The mentor's role is different for every team situation. Not all teams are at a level where students can effectively take on all the responsibilities that must be handled to complete a successful build. I am in my third year mentoring a small team where most of the students have competing extra curricular activities.
We had no build sessions during finals week. We had much of team out of town for break the last four days of build.

We have no seniors and only six students that make most sessions. We have one capable electronics student and one capable programmer. I give these two students full control of those areas, and they need very little input from me. They get things done effectively on the required timeline. The rest of the team has to handle the design and mechanical assembly, but even on good days far too much energy gets wasted goofing around. On a good day for this group, serious focused effort & productivity is happening for maybe 50% of the 2-2.5 hours for our three weekday sessions a week. Attendance at our six hour Saturday sessions are barely 50% from other conflicts.

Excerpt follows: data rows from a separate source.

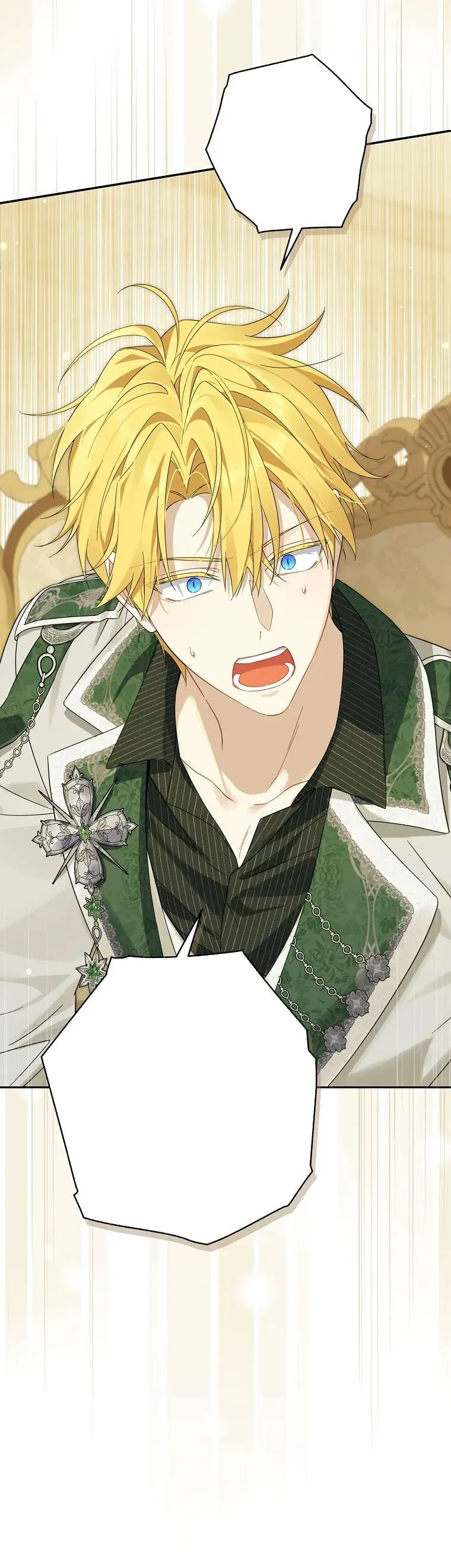 Thực Ra Tôi Mới Là Thật Chap 153 - Next Chap 154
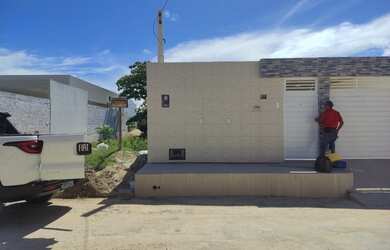 Imagem 3: Oportunidade Barra Nova. 112m² de Área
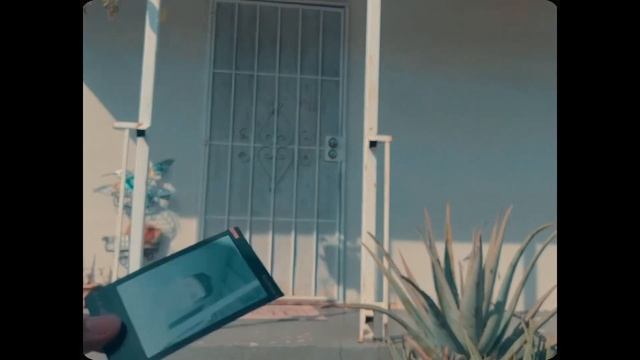 Switching my Polaroid for the INSTAX MINI 11 (9) смотреть онлайн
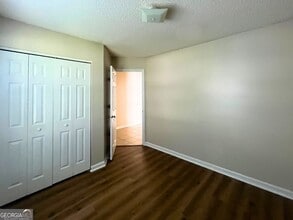 167 Talbot Ct in St. Marys, GA - Building Photo - Building Photo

We consistently end up with a good design concept that is barely rushed to only partial assembly by deadline. No testing, No trouble shooting. No driving. No autonomous. We end up holding back critical unfinished systems to complete them. Then we have to finish building the robot in the pits, while barely making the inspection deadline. We have no practice scrimmages, since we barely pass inspection in time, as we resolve problems.

So, do I take a hands off approach and let them fail miserably? Or, do I pitch in with the build enough so that they can see enough results at competition to consider that the season was an overall success. The father of the student in charge of electronics also mentors, and he wants her to do well at competition. So, he also helps with the build and design considerations. We both would rather do less building and more mentoring, but that would result in a robot that would leave most students thinking, at the end of competition, that the season was an exercise in futility and waste of their time. The program would spiral down and be discontinued in a year or two, which happened previously, if we did not help build the bot.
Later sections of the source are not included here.